Another consideration that the Trump administration may not be taking into account is the economic factors associated with sending 200,000 people to one country. These are people who have American jobs and who earn American wages, and we would be sending them to a country where nearly 40% of the population are below the World Bank’s estimated global poverty line ($1.90 a day). It just makes no sense.

Even people who are working for minimum wage in the U.S. would be considered middle-upper class in a country where the average monthly household income is about $660 in the urban areas and about $360 in the rural areas, according to El Salvador’s Ministry of Trade and Industry (MINEC). Compare this to the U.S. urban average of almost $55,000 and a rural average of over $52,000 dollars (U.S. Census Bureau). Even a single U.S. worker earning federal minimum wage ($7.25 per hour) would earn more than twenty times that of an entire urban household in El Salvador. He would earn more than 40 times that of a rural El Salvadoran household. This phenomenal difference in income would make the returning El Salvadorans prime targets for gangs and other robbers.

We also need to take into account the employment factor involved in all this. With nearly 200,000 rich, bilingual, and relatively skilled (compared to those already there) workers entering the country, the workers who already have jobs may be displaced by those more skilled coming in from the U.S. This, in turn, would cause phenomenal levels of unemployment in a country where more than 40% of the people are already underemployed and nearly 66% are employed in the informal sector. This could result in an increase in illegal immigration to the U.S. So basically, getting rid of these bilingual, relatively skilled workers who understand the U.S. and who have been here for more than 20 years will result in more monolingual people who know very little about the U.S. entering the country illegally.

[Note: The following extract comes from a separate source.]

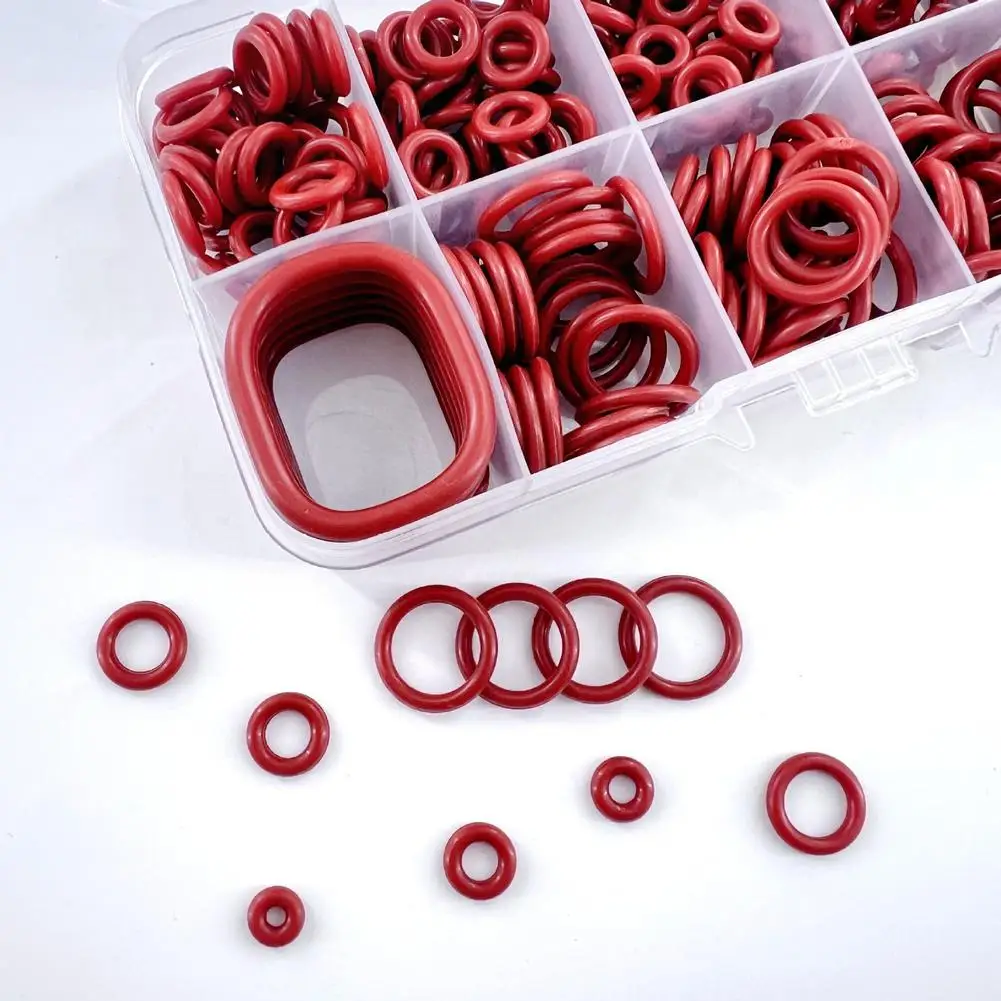 1/2sets Silicone O-ring Set 10 Sizes Oil Heat Resistant Suitable For Cars Pipelines Circular rubber Sealing Ring Gasket Pad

Furthermore, the World Bank estimates that more than 17% of El Salvador’s GDP is sourced from friends and family living and working in the U.S. That’s approximately $4.5 billion that the El Salvador economy will lose if, and when, the El Salvadorans return to their “home” country.

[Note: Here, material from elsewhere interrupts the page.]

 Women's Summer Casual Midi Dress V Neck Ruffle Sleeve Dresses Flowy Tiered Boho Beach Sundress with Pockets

Not only do these remittances affect individual people and families, but they also have an impact on the economy as a whole. In fact, according to Cecilia Menjivar, the co-director of the Center for Migration Research at the University of Kansas, the remittances “reach almost all sectors of the economy in one way or another.” One example: the housing market. “Construction companies, real estate businesses, they sell homes to immigrants who are here, especially TPS holders,” said Menjivar in an interview on NPR.

Now let us turn from the economic repercussions to more emotional consequences. Of course, first and foremost of these is the fact that the El Salvadoran immigrants who are being forced to leave will have to decide whether to bring their children with them or not. Their children who were born in the U.S. are U.S. citizens, and will therefore be permitted to stay in the country. These poor parents have to choose whether they take their children with them to a country practically controlled by gangs where murder and rape run rampant, or whether they leave them here with friends or family while they return to this “home sweet home” of theirs where they haven’t lived for nearly 20 years. Or, they can take option “C”: stay in the U.S. illegally, and run the risk of being deported to keep their families together in a relatively safe place.

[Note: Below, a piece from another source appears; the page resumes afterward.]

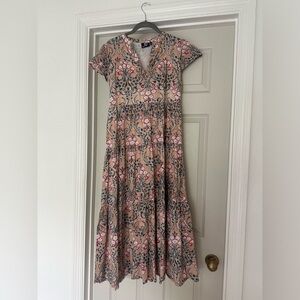 Floral Pink and Black Dress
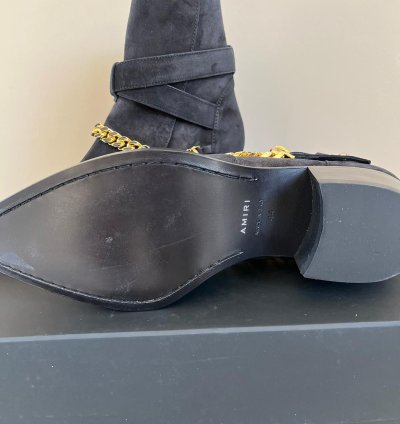 Suede Jodhpur Chain Boots In Black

So let’s see: should we break up families and send hardworking, bilingual people back to a country they hardly know where the chances that they will be robbed, raped, murdered, or all of the above are extremely high? Or should we find a way to let them gain citizenship (maybe with a steep “entrance fee” after a thorough background check?) and keep these hardworking, practically American people here, with their families, where they contribute to not just one, but two countries’ economies? Hm, let me think about that one.